Sichtbare und bewunderte Resultate sind die Sanierung des Bahnhofquartiers mit dem neuen Busbahnhof, der Bereich Stadtpark – Lot – Hohfuren, wo in der aufgewerteten historischen Industrielandschaft zentrale Wohngebiete von hoher Qualität und hohem Wohnwert entstanden sind, aber auch die grosse Genossenschaftsüberbauung «Im Werk». Ein für alle sichtbares Resultat und eine Art Visitenkarte der Stadt ist auch die grosszügig und stadtverträglich umgestaltete Zürichstrasse. In naher Zukunft erfolgen mit der Zentrumsüberbauung «Kern», dem weiteren Ausbau des Quartiers Looren, aber auch mit der Ansiedlung eines Teils der kantonalen Mittelschule weitere entscheidende Schritte auf das vorgegebene Ziel hin.

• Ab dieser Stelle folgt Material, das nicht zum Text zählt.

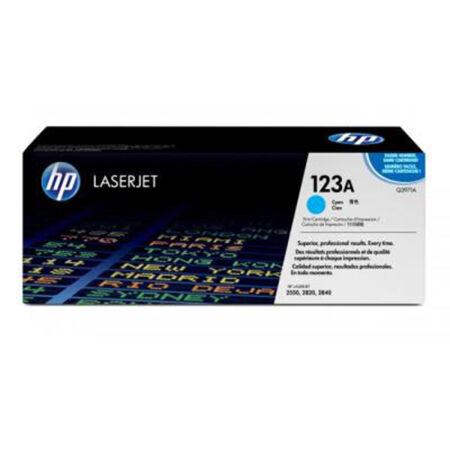 Hp 123A- Q3971A Mavi Orijinal Toner- B Grade - 1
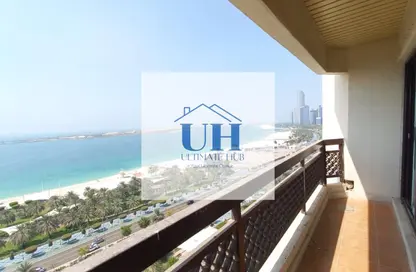 Apartment - 4 Bedrooms - 4 Bathrooms for rent in Cornich Al Khalidiya - Al Khalidiya - Abu Dhabi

Die erstaunliche Entwicklung und die vielen verschiedenen, oft hochkomplexen Projekte und Umsetzungen wurden stets, nunmehr seit mehr als 25 Jahren, vom Stadtplaner Walter Ulmann mitinitiiert und mit seltener Beharrlichkeit und grossem Geschick begleitet und mitgelenkt.
Diese Leistung möchte das Architekturforum mit der Vergabe des Baupreises.05 öffentlich machen und ehren.
Würdigung
Drei Beispiele:
Wohnen und Arbeiten in der Loren
Das bislang landwirtschaftlich genutzte Gebiet Loren soll zu einem neuen gemischten Quartier mit Wohn-, Dienstleistungs-, Gewerbe- und Industriebereich für 2000 Arbeitsplätze und Wohnraum für 800 Einwohner werden. Nach langer, dornenreicher Planungsgeschichte kann in diesem Gebiet nun gebaut werden. Erste Wohnbauten und die grosszügige Erschliessungsallee sind realisiert.
Umgestaltung der Hauptverkehrsachsen
1988 wurde die Ortsumfahrung (Autobahn) fertig gestellt. Dies war die Voraussetzung für ein wichtiges städtebauliches Anliegen: die Redimensionierung der sechsspurigen, das Zentrum durchtrennenden Zürichstrasse. Der Strassenzug soll nun den innerstädtischen Bedürfnissen aller Verkehrsteilnehmer gerecht werden. Die Neugestaltung mit begrünten Mittelstreifen und Kreiseln verlangsamt und verflüssigt den Verkehr. Sie schafft übersichtliche Verhältnisse und Sicherheit für die Fussgänger und Radfahrer.
Aufwertung des Bahnhofgebietes
Der stark frequentierte S-Bahnhof mit dem neuen Busbahnhof und Einkaufszentrum ist ein eigentliches Tor zur Stadt. Die grosszügige Neugestaltung des Bahnhofplatzes und der Poststrasse trägt diesem Umstand ebenso Rechnung wie die fussgängerfreundliche Regelung des fahrenden und ruhenden Verkehrs, die Velostellplätze und die Möblierung des öffentlichen Raumes. Eine aus diesen Massnahmen resultierende Aufwertung des zentralen Quartiers an bester Passantenlage ist heute klar ersichtlich.